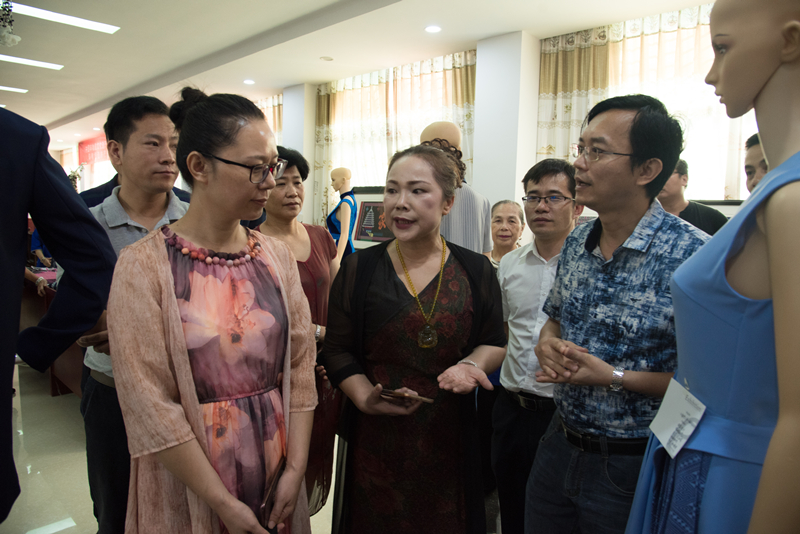 亚洲色欲色欲大片WWW无码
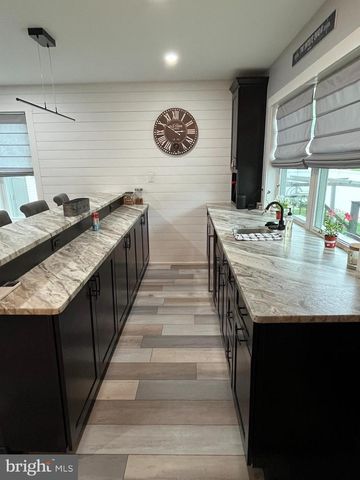 346 ALBANY AVE, Barrington, NJ 08007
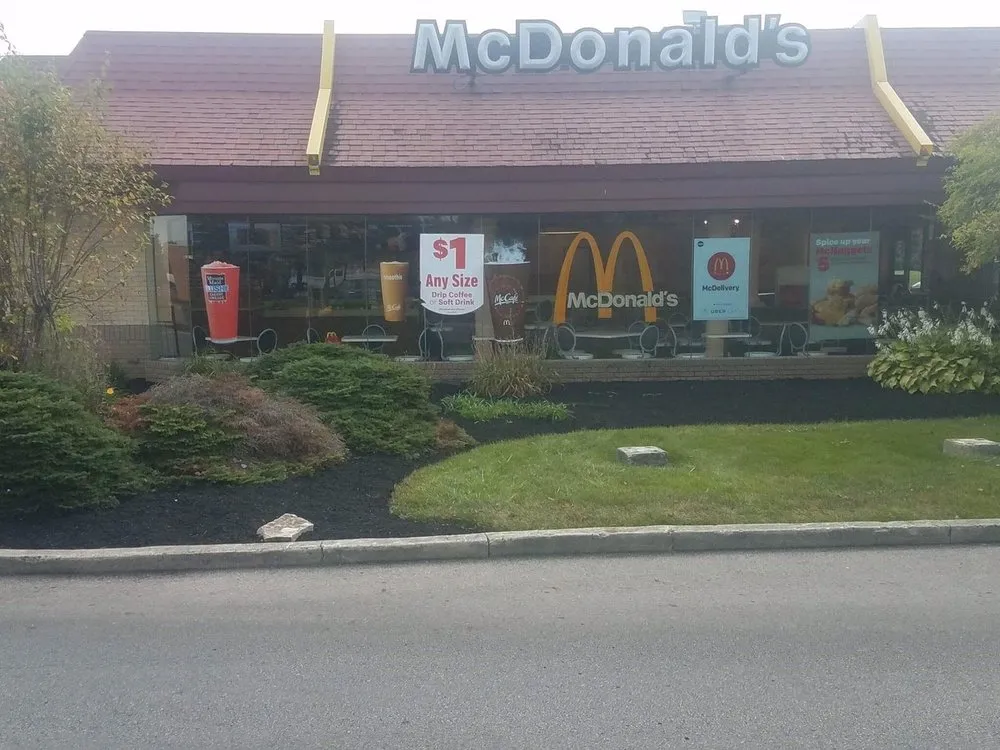 Reliable outdoor landscaping in Lewis Center, OH - Ivanoff Lawn Care and Landscaping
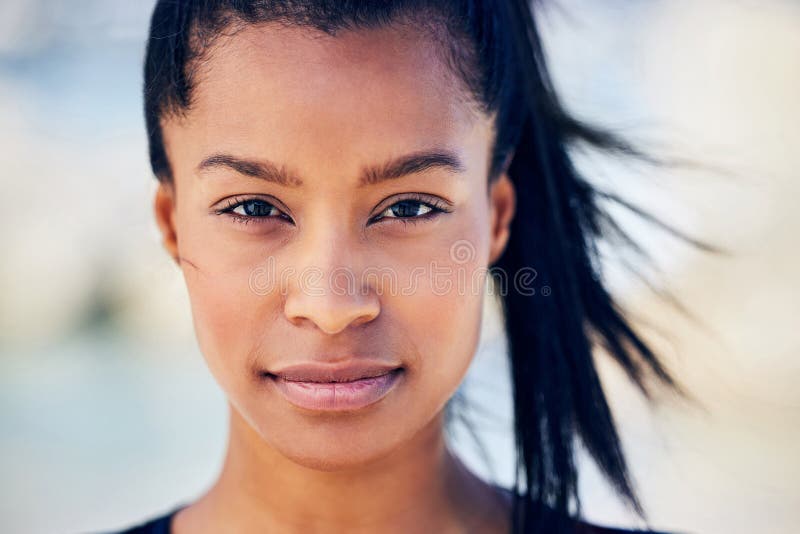 Porträtt seriös och svart kvinna för friskhet utomhus som tränare och kardiovälbefinnande. afrikansk arkivfoto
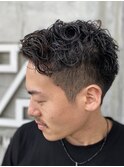 ワイルドパーマツーブロック刈り上げ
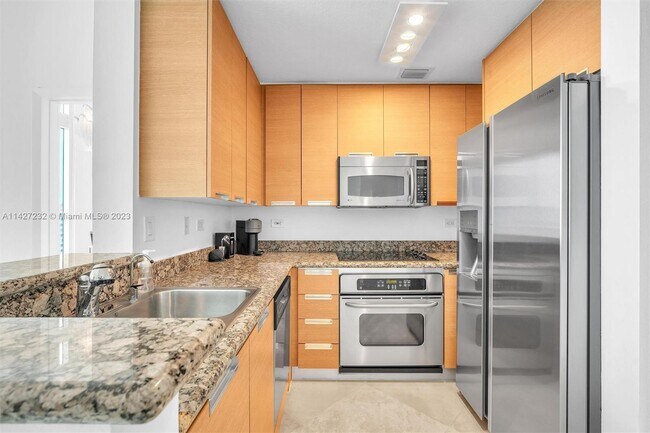 Foto del edificio - 6515 Collins Ave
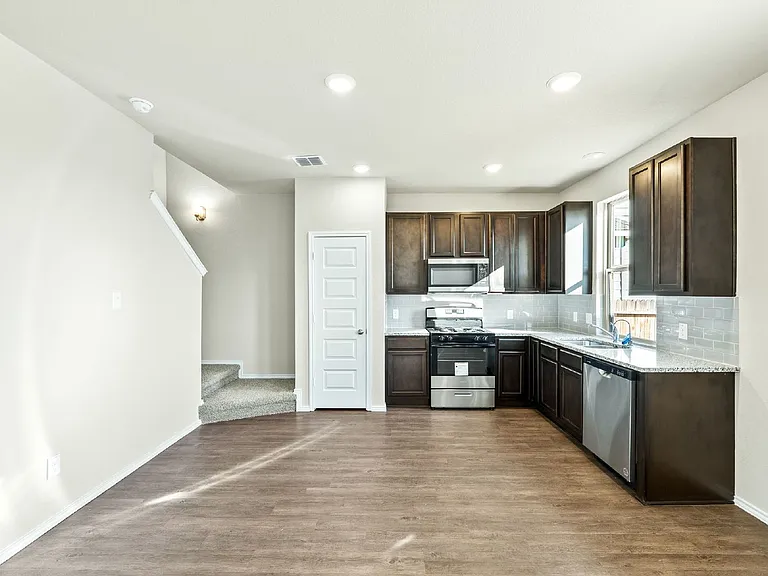 5118 Sandstone Way — Photo 10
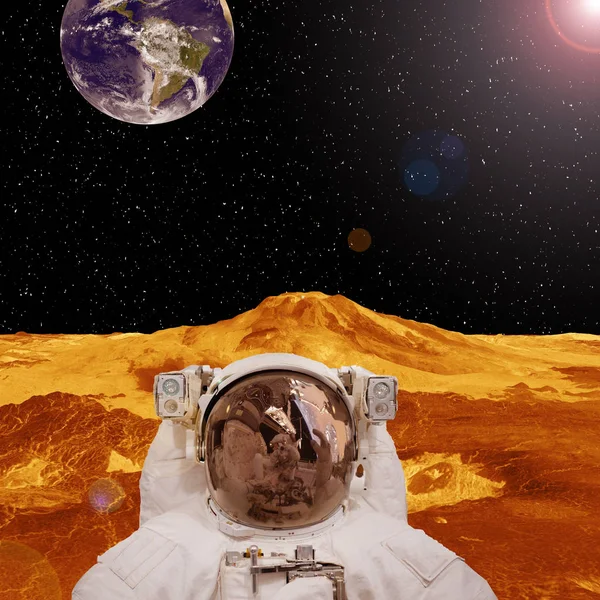 Planeta extrassolar e terra para trás. Astronauta posando. O elemento — Fotografia de Stock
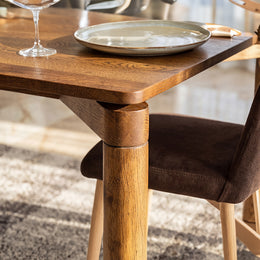 Classic Solid Wood Dining Table with Refined Four-Leg Design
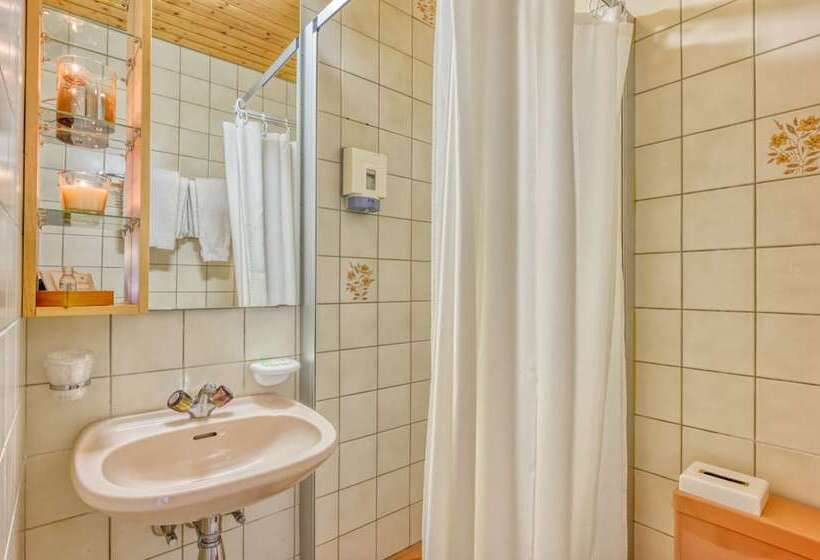 هتل Hôtel Les Sources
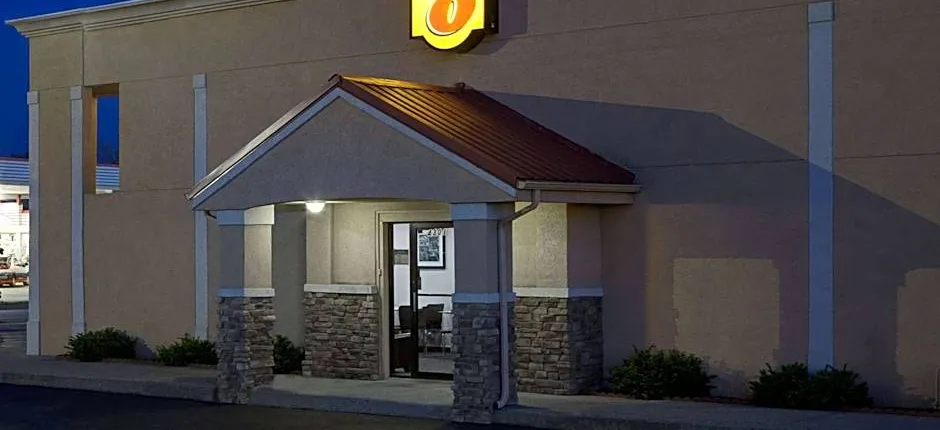 Super 8 by Wyndham Lafayette / Purdue Area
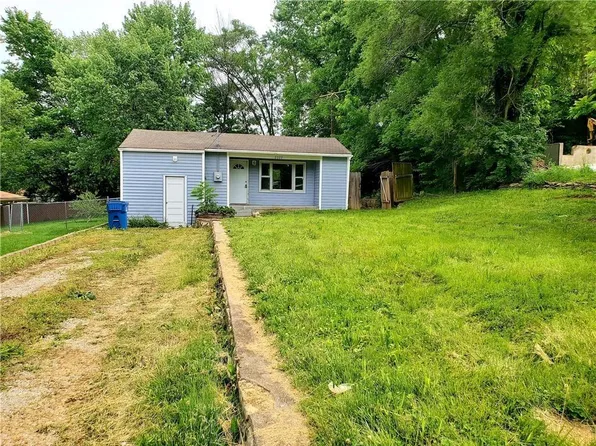 4136 N Kansas Ave, Kansas City, MO 64117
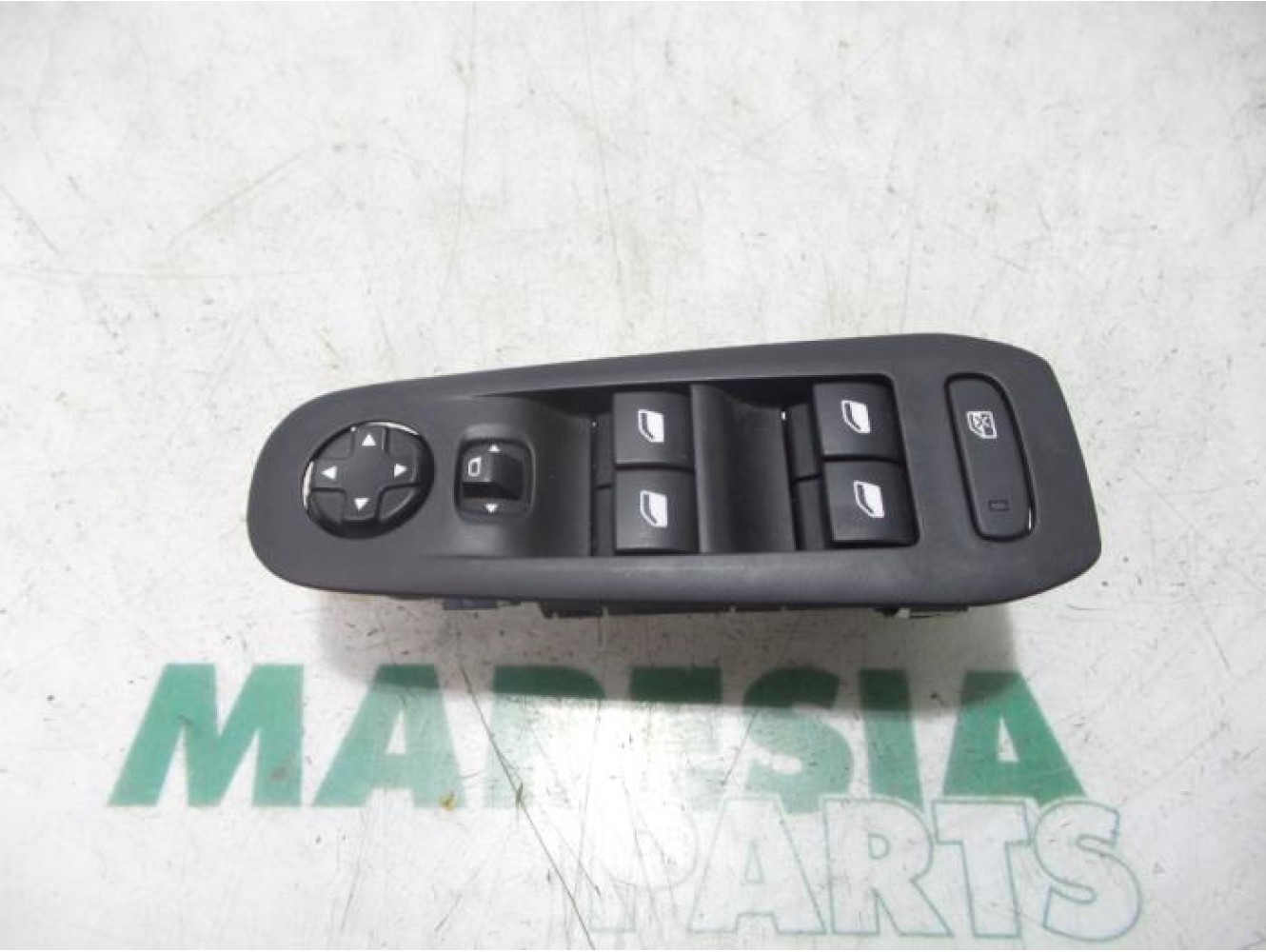 Peugeot - 308 - Multi-functional window switch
====================
TASK INSTRUCTIONS:
Could you please return the entries above exactly, minus the pictures?

RESPONSE TO THIS EXERCISE:
 亚洲色欲色欲大片WWW无码
 346 ALBANY AVE, Barrington, NJ 08007
 Reliable outdoor landscaping in Lewis Center, OH - Ivanoff Lawn Care and Landscaping
 Porträtt seriös och svart kvinna för friskhet utomhus som tränare och kardiovälbefinnande. afrikansk arkivfoto
 ワイルドパーマツーブロック刈り上げ
 Foto del edificio - 6515 Collins Ave
 5118 Sandstone Way — Photo 10
 Planeta extrassolar e terra para trás. Astronauta posando. O elemento — Fotografia de Stock
 Classic Solid Wood Dining Table with Refined Four-Leg Design
 هتل Hôtel Les Sources
 Super 8 by Wyndham Lafayette / Purdue Area
 4136 N Kansas Ave, Kansas City, MO 64117
 Peugeot - 308 - Multi-functional window switch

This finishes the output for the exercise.